What is needed
Leave out the pictures, and reproduce exactly the lines from the line containing "GROSMIMI Flip Top" through the final line of the entries.

Available data
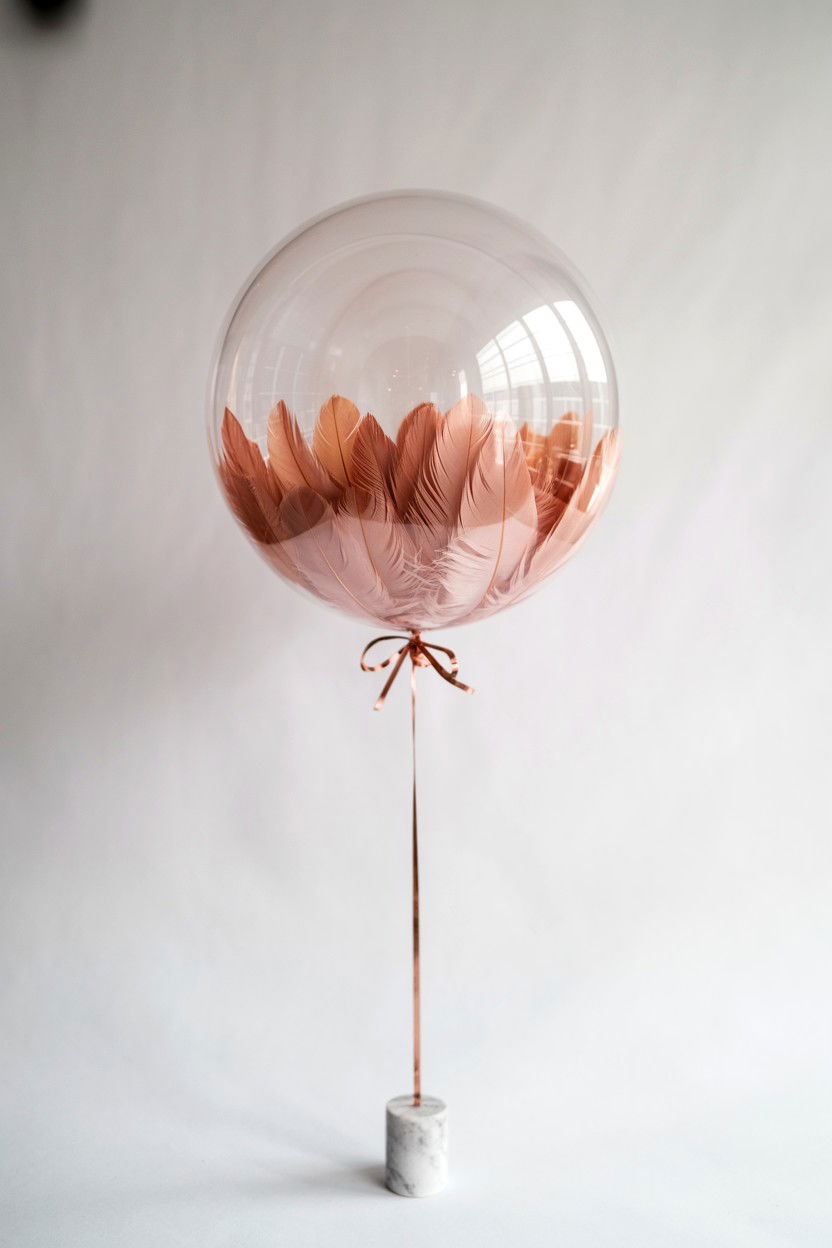 Clear balloon with rose gold feathers - 25 Valentine's Day Clear Balloon Ideas
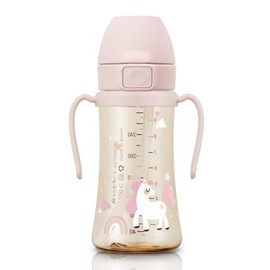 GROSMIMI Flip Top Spill Proof Sippy Cup, PPSU, BPA Free, 10 oz, Stage 2 Straw for Toddlers (Unicorn)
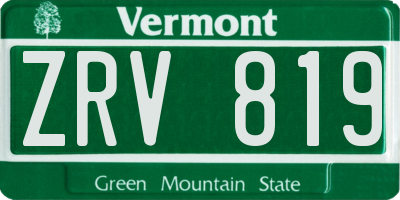 VT license plate ZRV819
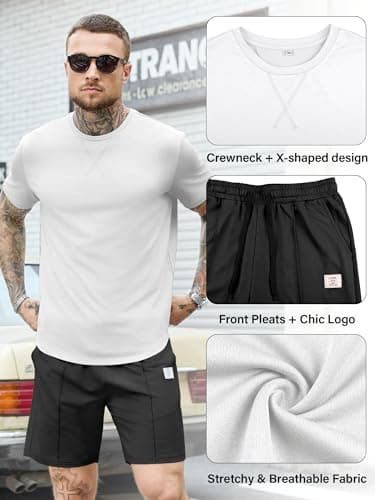 JEMLDL Men's 2 Piece Casual Loungewear Set Short Sleeve Shirt & Shorts Summer Outfits Soft Track Suit for Home Vacation Beach White M - Thumbnail 2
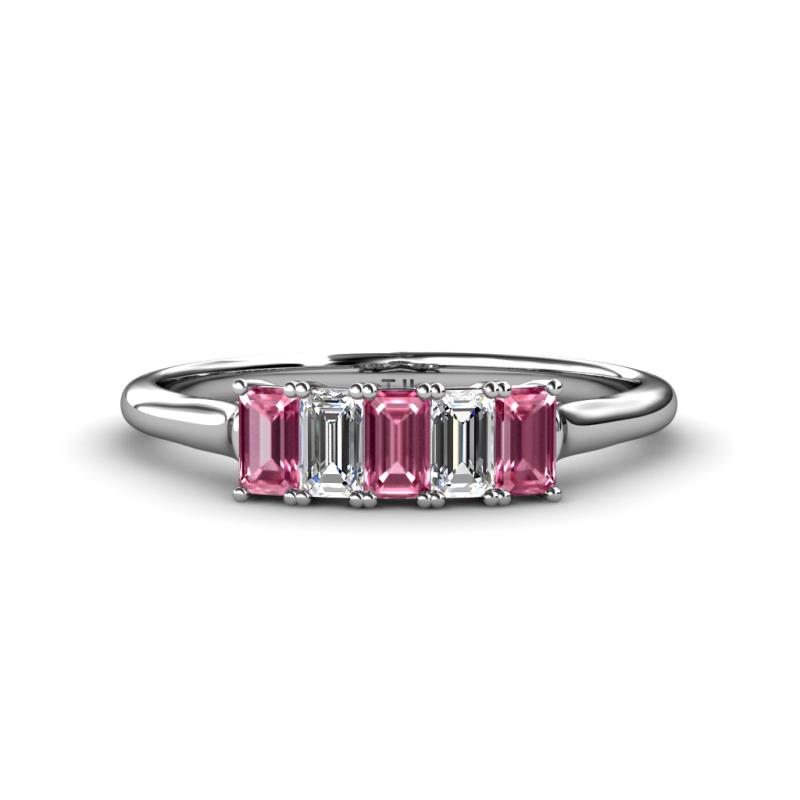 Noura 5x3 mm Emerald Cut Pink Tourmaline and Diamond 5 Stone Wedding Band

Exercise response
 GROSMIMI Flip Top Spill Proof Sippy Cup, PPSU, BPA Free, 10 oz, Stage 2 Straw for Toddlers (Unicorn)
 VT license plate ZRV819
 JEMLDL Men's 2 Piece Casual Loungewear Set Short Sleeve Shirt & Shorts Summer Outfits Soft Track Suit for Home Vacation Beach White M - Thumbnail 2
 Noura 5x3 mm Emerald Cut Pink Tourmaline and Diamond 5 Stone Wedding Band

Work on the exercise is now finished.